* [WHAT NEEDS TO BE DONE]: Some entries follow. Reproduce exactly the lines starting at the one with "game day baseball" and stopping after the one with "Revolution Wrap Brow".

=== Begin Enclosure ===

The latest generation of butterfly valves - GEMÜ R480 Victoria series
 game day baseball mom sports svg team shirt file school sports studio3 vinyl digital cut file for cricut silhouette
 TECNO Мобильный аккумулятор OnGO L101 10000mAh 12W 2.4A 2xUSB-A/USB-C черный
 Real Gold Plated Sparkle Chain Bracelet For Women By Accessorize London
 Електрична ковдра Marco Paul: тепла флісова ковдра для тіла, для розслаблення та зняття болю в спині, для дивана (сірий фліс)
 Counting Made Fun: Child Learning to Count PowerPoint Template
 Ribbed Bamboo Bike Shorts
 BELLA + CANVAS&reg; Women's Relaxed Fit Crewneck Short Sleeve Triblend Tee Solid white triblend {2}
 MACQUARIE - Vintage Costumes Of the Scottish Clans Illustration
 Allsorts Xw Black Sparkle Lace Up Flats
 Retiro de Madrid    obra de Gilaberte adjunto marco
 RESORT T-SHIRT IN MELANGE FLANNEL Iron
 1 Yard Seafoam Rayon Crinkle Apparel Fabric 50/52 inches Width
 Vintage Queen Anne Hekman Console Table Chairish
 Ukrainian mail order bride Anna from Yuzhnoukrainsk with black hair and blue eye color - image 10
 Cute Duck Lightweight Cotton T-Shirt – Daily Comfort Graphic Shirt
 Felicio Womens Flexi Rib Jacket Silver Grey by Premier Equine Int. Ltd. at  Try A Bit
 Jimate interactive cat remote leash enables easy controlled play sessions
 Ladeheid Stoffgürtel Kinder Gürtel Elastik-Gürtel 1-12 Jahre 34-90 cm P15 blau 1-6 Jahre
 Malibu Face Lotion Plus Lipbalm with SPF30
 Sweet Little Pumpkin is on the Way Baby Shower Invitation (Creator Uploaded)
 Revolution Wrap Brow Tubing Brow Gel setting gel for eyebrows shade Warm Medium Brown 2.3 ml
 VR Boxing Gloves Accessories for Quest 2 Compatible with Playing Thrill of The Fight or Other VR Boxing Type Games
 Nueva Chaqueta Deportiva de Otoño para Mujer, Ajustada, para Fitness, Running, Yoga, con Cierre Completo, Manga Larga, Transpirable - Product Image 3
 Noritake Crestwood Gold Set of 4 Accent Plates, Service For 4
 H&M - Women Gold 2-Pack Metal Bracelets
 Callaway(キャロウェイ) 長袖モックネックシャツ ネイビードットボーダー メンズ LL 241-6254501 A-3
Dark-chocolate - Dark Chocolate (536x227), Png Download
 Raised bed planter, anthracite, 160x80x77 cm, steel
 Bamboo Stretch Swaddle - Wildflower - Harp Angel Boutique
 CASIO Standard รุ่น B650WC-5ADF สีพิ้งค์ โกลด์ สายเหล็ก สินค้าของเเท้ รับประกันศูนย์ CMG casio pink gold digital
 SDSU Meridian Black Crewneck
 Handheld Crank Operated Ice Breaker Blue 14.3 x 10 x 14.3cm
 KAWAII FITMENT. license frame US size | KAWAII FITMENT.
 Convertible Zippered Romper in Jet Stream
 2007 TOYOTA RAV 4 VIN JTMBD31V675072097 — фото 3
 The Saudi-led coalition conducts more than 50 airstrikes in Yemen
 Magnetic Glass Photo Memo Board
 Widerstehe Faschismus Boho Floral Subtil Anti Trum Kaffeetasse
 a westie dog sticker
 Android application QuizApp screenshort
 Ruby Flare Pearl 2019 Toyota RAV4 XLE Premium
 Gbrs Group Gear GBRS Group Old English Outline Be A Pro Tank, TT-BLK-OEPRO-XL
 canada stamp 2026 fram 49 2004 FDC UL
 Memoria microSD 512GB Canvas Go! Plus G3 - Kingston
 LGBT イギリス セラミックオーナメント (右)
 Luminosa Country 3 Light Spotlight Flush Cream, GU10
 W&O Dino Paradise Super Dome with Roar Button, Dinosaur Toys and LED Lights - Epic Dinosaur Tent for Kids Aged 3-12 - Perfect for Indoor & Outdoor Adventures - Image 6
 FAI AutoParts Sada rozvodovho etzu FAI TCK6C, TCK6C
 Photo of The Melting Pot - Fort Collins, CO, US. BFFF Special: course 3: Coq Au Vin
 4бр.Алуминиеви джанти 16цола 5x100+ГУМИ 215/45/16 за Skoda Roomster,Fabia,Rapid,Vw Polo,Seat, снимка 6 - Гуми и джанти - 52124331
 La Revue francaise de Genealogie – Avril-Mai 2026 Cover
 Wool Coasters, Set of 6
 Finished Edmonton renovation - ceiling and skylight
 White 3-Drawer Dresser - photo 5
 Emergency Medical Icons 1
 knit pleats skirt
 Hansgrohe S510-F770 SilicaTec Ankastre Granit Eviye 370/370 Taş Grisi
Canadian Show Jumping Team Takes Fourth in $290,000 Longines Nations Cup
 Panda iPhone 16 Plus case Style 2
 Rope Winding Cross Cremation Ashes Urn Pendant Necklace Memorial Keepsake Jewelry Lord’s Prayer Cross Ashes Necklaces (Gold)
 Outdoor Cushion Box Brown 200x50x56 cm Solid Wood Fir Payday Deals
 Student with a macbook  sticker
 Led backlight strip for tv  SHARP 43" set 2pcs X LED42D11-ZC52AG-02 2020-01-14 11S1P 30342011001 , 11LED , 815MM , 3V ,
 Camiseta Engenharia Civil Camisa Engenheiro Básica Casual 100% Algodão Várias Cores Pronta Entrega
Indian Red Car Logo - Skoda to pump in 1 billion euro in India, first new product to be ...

=== End Enclosure ===

* [SOLUTION FOR THIS PROBLEM]:
 game day baseball mom sports svg team shirt file school sports studio3 vinyl digital cut file for cricut silhouette
 TECNO Мобильный аккумулятор OnGO L101 10000mAh 12W 2.4A 2xUSB-A/USB-C черный
 Real Gold Plated Sparkle Chain Bracelet For Women By Accessorize London
 Електрична ковдра Marco Paul: тепла флісова ковдра для тіла, для розслаблення та зняття болю в спині, для дивана (сірий фліс)
 Counting Made Fun: Child Learning to Count PowerPoint Template
 Ribbed Bamboo Bike Shorts
 BELLA + CANVAS&reg; Women's Relaxed Fit Crewneck Short Sleeve Triblend Tee Solid white triblend {2}
 MACQUARIE - Vintage Costumes Of the Scottish Clans Illustration
 Allsorts Xw Black Sparkle Lace Up Flats
 Retiro de Madrid    obra de Gilaberte adjunto marco
 RESORT T-SHIRT IN MELANGE FLANNEL Iron
 1 Yard Seafoam Rayon Crinkle Apparel Fabric 50/52 inches Width
 Vintage Queen Anne Hekman Console Table Chairish
 Ukrainian mail order bride Anna from Yuzhnoukrainsk with black hair and blue eye color - image 10
 Cute Duck Lightweight Cotton T-Shirt – Daily Comfort Graphic Shirt
 Felicio Womens Flexi Rib Jacket Silver Grey by Premier Equine Int. Ltd. at  Try A Bit
 Jimate interactive cat remote leash enables easy controlled play sessions
 Ladeheid Stoffgürtel Kinder Gürtel Elastik-Gürtel 1-12 Jahre 34-90 cm P15 blau 1-6 Jahre
 Malibu Face Lotion Plus Lipbalm with SPF30
 Sweet Little Pumpkin is on the Way Baby Shower Invitation (Creator Uploaded)
 Revolution Wrap Brow Tubing Brow Gel setting gel for eyebrows shade Warm Medium Brown 2.3 ml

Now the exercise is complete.